The authors do acknowledge this shortcoming. It might be helpful to quantify the restoration of LepR expression in populations of neurons to determine efficiency. However, there is an inherent challenge of any system in which restoration of genetic mutation is not 100% efficient and one does not achieve a complete restoration of wild-type phenotypes.

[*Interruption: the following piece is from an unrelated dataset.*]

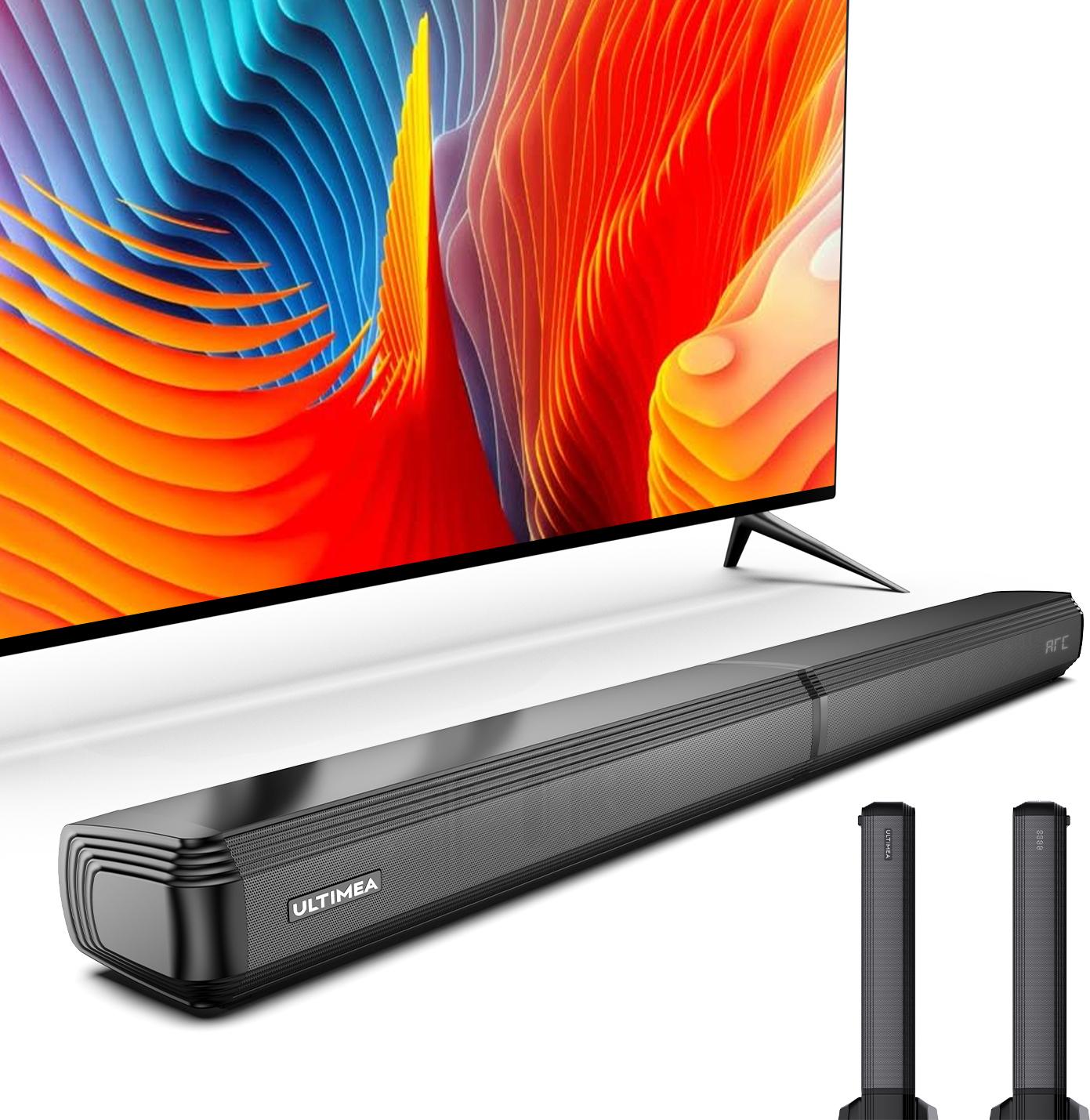 ULTIMEA 2.2-kanálový soundbar pre TV prijímače, deliteľný soundbar 2 v 1, Bluetooth 5.3, 3 režimy EQ a nastaviteľné basy, ARC/Optical/Aux/BT, Apollo S40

We would like to thank the reviewer for his/her important considerations and suggestions. We used several approaches to confirm the efficacy of LepR restoration in our model, including: 1) assessment of Lepr mRNA expression; 2) counting the number of pSTAT3 immunoreactive cells after an acute leptin injection in critical brain areas that mediate leptin’s effects; 3) evaluation of the anorexigenic effects induced by leptin treatment. In all these measurements, Ubi-LepRNull mice exhibited equivalent values as those found in lean controls (Ubi mice). Additionally, although we observed several defects in the Ubi-LepRNull mice, we also observed a complete normalization in important parameters, such as in food intake, respiratory quotient, AgRP/NPY hypothalamic expression, thyroid and adrenal axes, memory and arcuate neural projections to the paraventricular nucleus. The complete recovery in these outcomes is also indirect evidence that the LepR restoration achieved was sufficient to test our hypothesis. Finally, as pointed out by the reviewer, we also acknowledged in the Discussion section that it is possible that part of phenotype observed was caused by an incomplete reactivation that could not be detected by the methods employed in the present study.